Signs Point To Slow-Down In U.S. Economic Growth
U.S. economic growth may have reached a peak, as The Conference Board predicts it could slow to two percent by the end of 2019. The Conference Board reports that its Leading Economic Index (LEI) for the U.S. declined 0.1 percent in December to 111.7. December’s result follows a 0.2 percent increase in November and a 0.3 percent decline in October.
December’s result was impacted by the U.S. federal government shutdown, The Conference Board notes. Due to the shutdown, data for manufacturers’ new orders for consumer goods and materials for November and December and building permits were not published for December. The Conference Board forecast these series in order to publish a preliminary Leading Economic Index.
“The US LEI declined slightly in December and the recent moderation in the LEI suggests that the U.S. economic growth rate may slow down this year,” says Ataman Ozyildirim, director of economic research at The Conference Board. “While the effects of the government shutdown are not yet reflected here, the LEI suggests that the economy could decelerate towards two percent growth by the end of 2019.”
The Conference Board’s Coincident Economic Index (CEI), a measure of current economic activity, increased in December, rising 0.2 percent to 105.1, following a 0.2 percent increase in November and a 0.2 percent increase in October. Its Lagging Economic Index, an indicator representing changes that come only after the economy has begun to follow a particular trend, ticked up 0.5 percent in December to 106.7, after an increase of 0.5 percent in November and a 0.6 percent increase in October.

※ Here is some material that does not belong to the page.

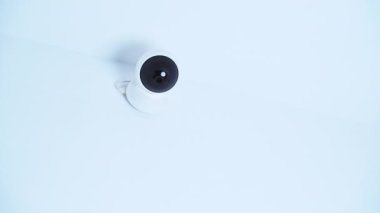 Isolated modern surveillance IP camera on a white wall. High quality 4k footage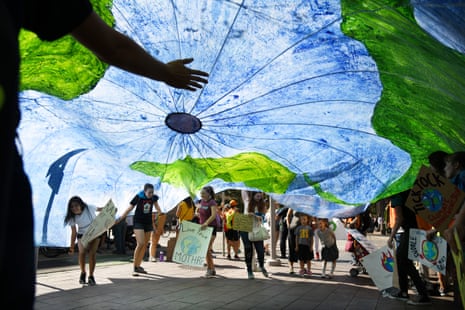 students wave a parachute with the earth painted on it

The Conference Board’s indexes are composites of leading, coincident and lagging economic indicators designed to highlight peaks and troughs in the business cycle that could be obscured by volatility within individual components. The LEI is comprised of 10 indicators. These include average weekly hours, manufacturing; average weekly initial claims for unemployment insurance; manufacturers’ new orders, consumer goods and materials; the Institute of Supply Management Index of New Orders; manufacturers' new orders, nondefense capital goods excluding aircraft orders; building permits, new private housing units; stock prices, 500 common stocks; the Leading Credit Index; the interest rate spread, 10-year Treasury bonds less federal funds; and average consumer expectations for business conditions.